The Department of Veterans Affairs (VA) improperly charged almost 73,000 disabled veterans more than $286 million in home loan fees they didn’t owe, according to a report by the VA Office of the Inspector General (OIG) released Thursday.
More than 53,000 vets may still be owed almost $190 million in wrongly-paid fees, charged between 2012 and 2017, the report says. VA managers were made aware of the issue in 2014 but never took action, something the OIG report describes as “troubling.” At that time, about 48,000 veterans were due refunds of more than $150 million.
The VA’s home loans themselves are provided by banks and other private lenders. The VA’s Home Loan Guaranty Program, which is overseen by the Veterans Benefits Administration (VBA), guarantees a portion of the loan for vets who qualify. This normally comes with a “funding fee” of 0.5% to 3.3% of the loan amount, from which veterans with service-connected disabilities are exempt.
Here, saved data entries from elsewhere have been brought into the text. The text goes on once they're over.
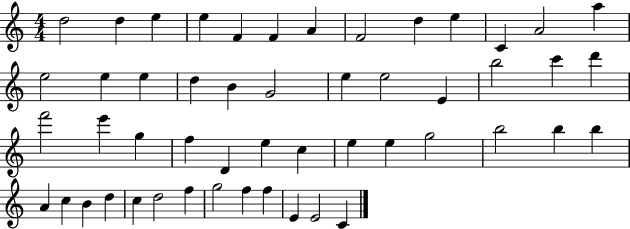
X:1
T:Untitled
M:4/4
L:1/4
K:C
d2 d e e F F A F2 d e C A2 a e2 e e d B G2 e e2 E b2 c' d' f'2 e' g f D e c e e g2 b2 b b A c B d c d2 f g2 f f E E2 C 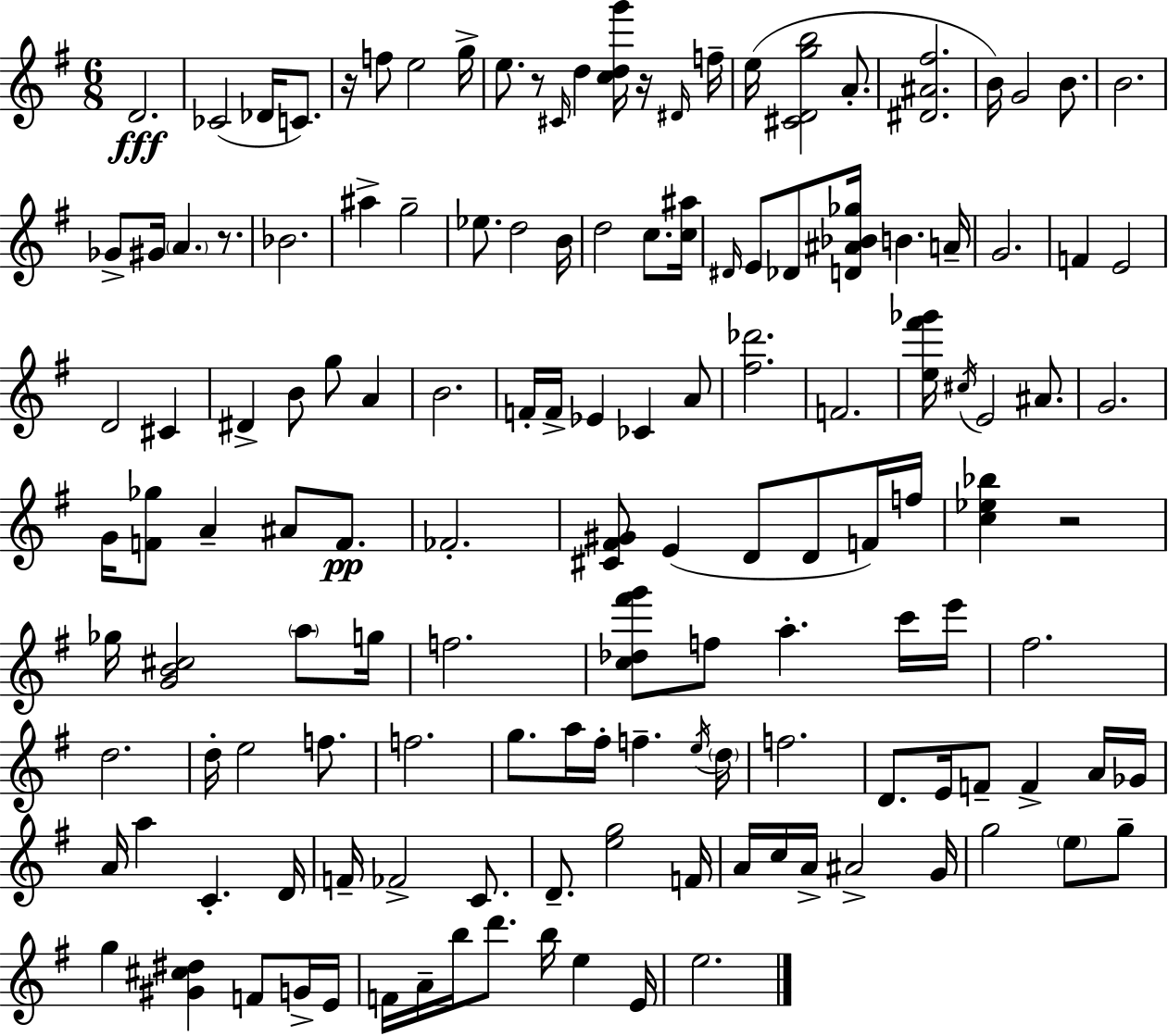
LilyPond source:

{
  \clef treble
  \numericTimeSignature
  \time 6/8
  \key e \minor
  \repeat volta 2 { d'2.\fff | ces'2( des'16 c'8.) | r16 f''8 e''2 g''16-> | e''8. r8 \grace { cis'16 } d''4 <c'' d'' g'''>16 r16 | \break \grace { dis'16 } f''16-- e''16( <cis' d' g'' b''>2 a'8.-. | <dis' ais' fis''>2. | b'16) g'2 b'8. | b'2. | \break ges'8-> gis'16 \parenthesize a'4. r8. | bes'2. | ais''4-> g''2-- | ees''8. d''2 | \break b'16 d''2 c''8. | <c'' ais''>16 \grace { dis'16 } e'8 des'8 <d' ais' bes' ges''>16 b'4. | a'16-- g'2. | f'4 e'2 | \break d'2 cis'4 | dis'4-> b'8 g''8 a'4 | b'2. | f'16-. f'16-> ees'4 ces'4 | \break a'8 <fis'' des'''>2. | f'2. | <e'' fis''' ges'''>16 \acciaccatura { cis''16 } e'2 | ais'8. g'2. | \break g'16 <f' ges''>8 a'4-- ais'8 | f'8.\pp fes'2.-. | <cis' fis' gis'>8 e'4( d'8 | d'8 f'16) f''16 <c'' ees'' bes''>4 r2 | \break ges''16 <g' b' cis''>2 | \parenthesize a''8 g''16 f''2. | <c'' des'' fis''' g'''>8 f''8 a''4.-. | c'''16 e'''16 fis''2. | \break d''2. | d''16-. e''2 | f''8. f''2. | g''8. a''16 fis''16-. f''4.-- | \break \acciaccatura { e''16 } \parenthesize d''16 f''2. | d'8. e'16 f'8-- f'4-> | a'16 ges'16 a'16 a''4 c'4.-. | d'16 f'16-- fes'2-> | \break c'8. d'8.-- <e'' g''>2 | f'16 a'16 c''16 a'16-> ais'2-> | g'16 g''2 | \parenthesize e''8 g''8-- g''4 <gis' cis'' dis''>4 | \break f'8 g'16-> e'16 f'16 a'16-- b''16 d'''8. b''16 | e''4 e'16 e''2. | } \bar "|."
}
The improperly paid fees amounted to only 3% of the nearly $10 billion in funding fees collected by the VA during the same 5-year period. However, the OIG report says, “for individual veterans the amount charged can be significant, as the amounts from the sample averaged $4,483 and were as high as $19,470.”
Adequate controls did not exist within the VA to prevent disabled veterans from being overcharged, the OIG found. VA officials said they had been “focused on other competing priorities, such as addressing serial refinancing, a high blocked call rate and long wait times, and appraisal timeliness for pending home loans.” The report also discovered that veterans are required to file a claim to request a fee refund, yet the VA’s loan guaranty service has never published a standard form for doing so.
Reached for comment, a VA spokesperson referred Quartz to a section of the report that contains its official response. In its statement, the VA says it plans to implement procedural changes going forward and, in the interest of efficiency, has “requested a legal opinion from VA’s Office of General Counsel to determine whether VA has the authority to issue funding fee refunds directly to veterans.”
A problem beyond fees
Kristen Rouse, founding director of the NYC Veterans Alliance, a nonprofit that advocates for ex-service members, served 20 years in the US Army. Her stint included three separate deployments to Afghanistan.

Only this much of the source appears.